Addressing a Bharatiya Janata Party (bjp) rally on June 17, the pm said that the Union government had issued no-objection certificates and done the needful for transferring forest villages to the revenue department. He insisted that it was now the Congress-run state government's duty to give the patta (title deed) and issue the notification. Alluding to Singh's communications, Vajpayee said there was no point in sending "love letters".

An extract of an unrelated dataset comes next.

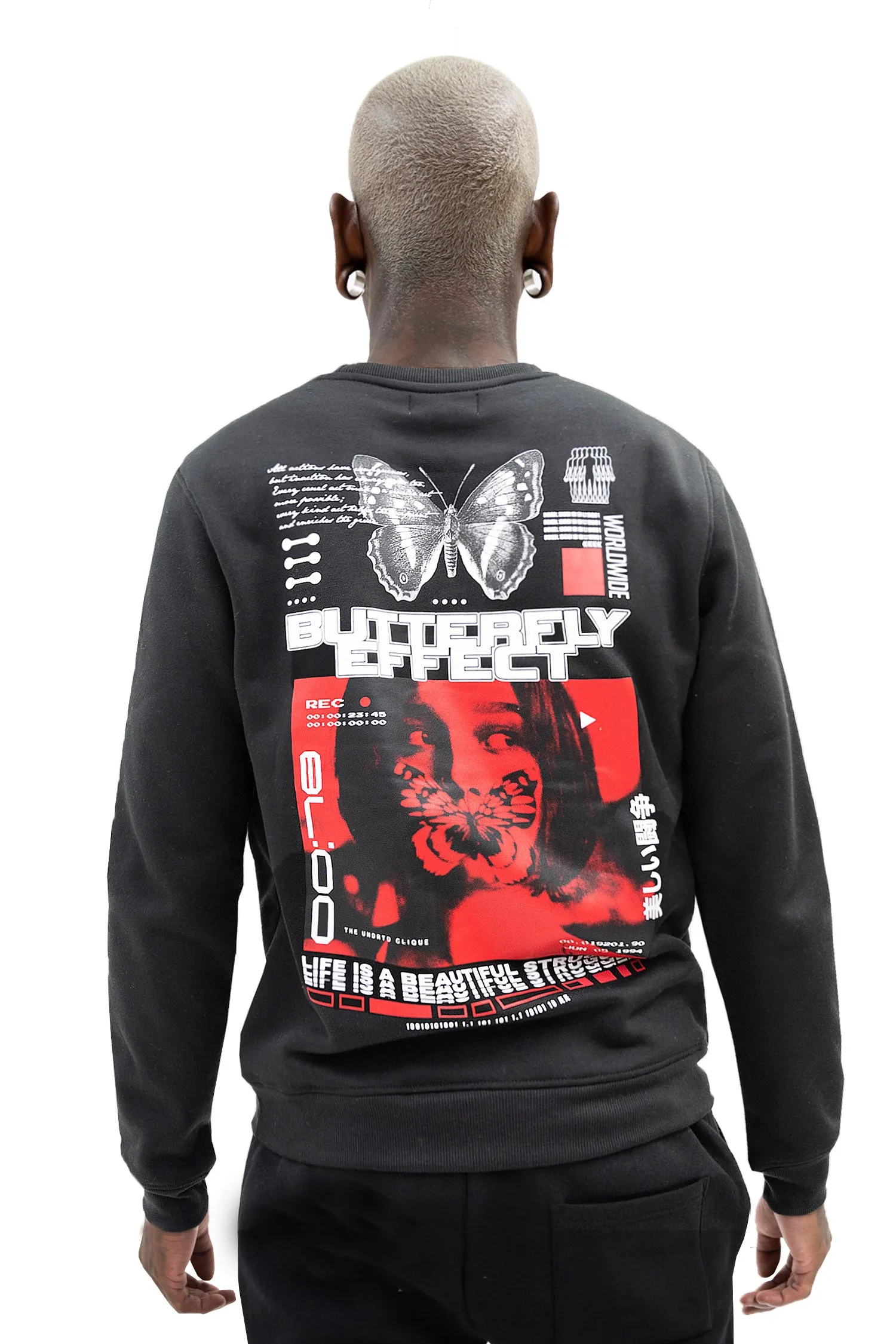 Men's Butterfly Effect Long Sleeve Graphic Crewneck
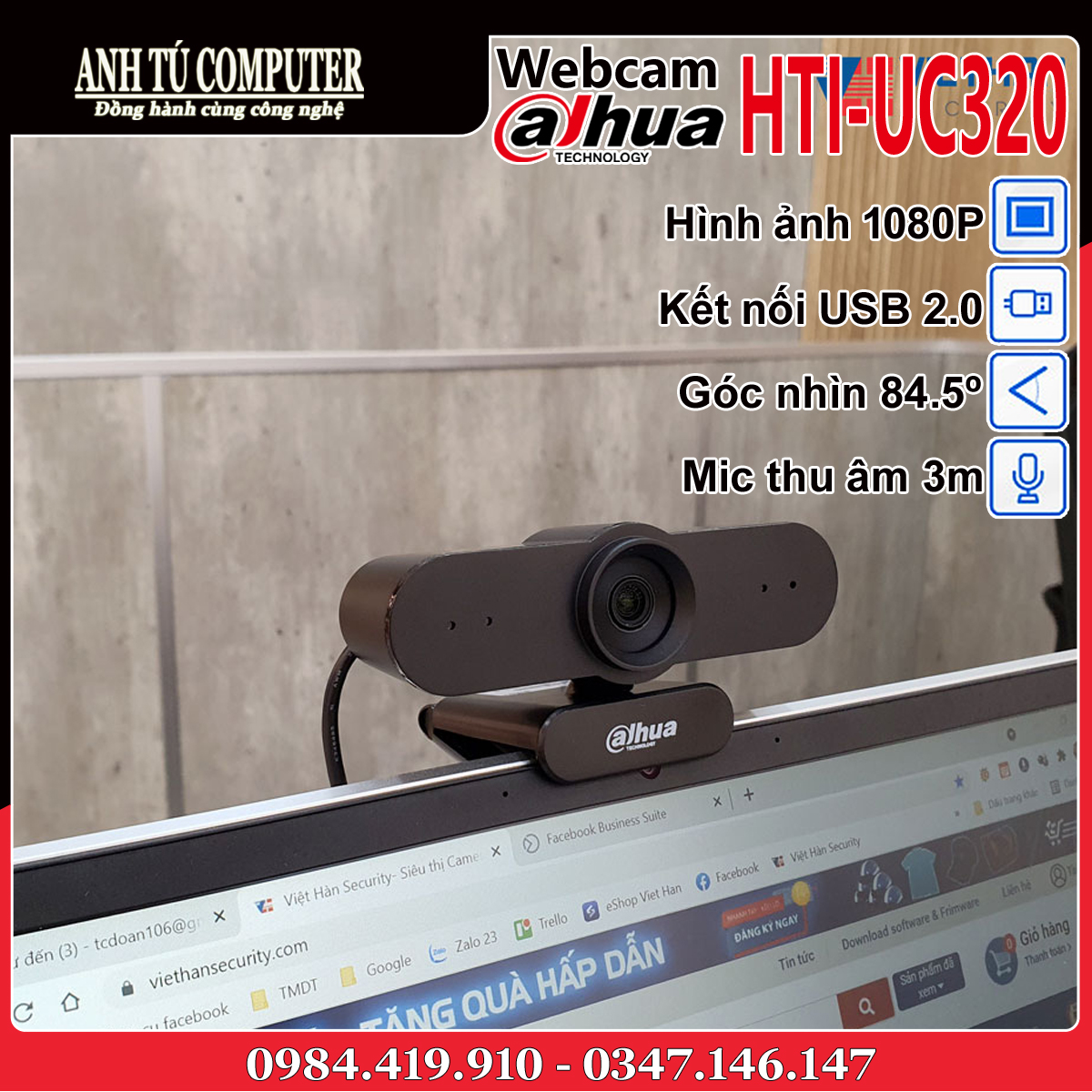 Webcam HD1080P DAHUA HTI-UC320 hàng chính hãng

Singh despatched a reply on June 21. He also addressed the media, claiming that Vajpayee had "unknowingly committed a mistake" and that he had not been "briefed properly" on forest villages. He said the state had submitted a proposal in 1995 for regularising encroachments. "After protracted correspondence at different levels and a series of meetings", the moef conveyed its 'in principle' approval in 2001. The ministry had, however, put two riders: that there should be no change in the legal status of forestland diverted, and that compensatory afforestation must be done on similar-sized tracts.

The state government argued that the first clause would deprive settlers of the normal benefits of land development. It also claimed to have carried out substantial compensatory afforestation. Singh now wants the moef to request the Supreme Court to modify its interim order that has stayed diversion of any forestland for non-forest purposes.

V K Bahuguna, inspector general of forests in-charge of fca in the moef, says that the issue had been addressed at a meeting chaired by Singh on May 20, 2003. The moef had then said that it had cleared regularisation of pre-1976 encroachments (pending compensatory afforestation). As for encroachments made between 1977 and 1979, the moef had told the state government to submit fresh proposals in accordance with the ministry's criteria. For encroachments made between 1979 and 1980, the state submitted fresh evidence of its decision to regularise them before the fca was enacted.

On the issue of conversion of forest villages to revenue villages, it was agreed that the forest department of mp would submit a fresh proposal with updated records. The moef doesn't want to approve conversion of forestland that has been encroached in anticipation of its change in status to revenue villages.

Digvijay Singh stated in his June 21 letter that moef conditions are "against the spirit of settlement of encroached land". The moef has retaliated by laying the blame squarely on the state governments, alleging that they have done little except promoting usurpation of forestland for political gain.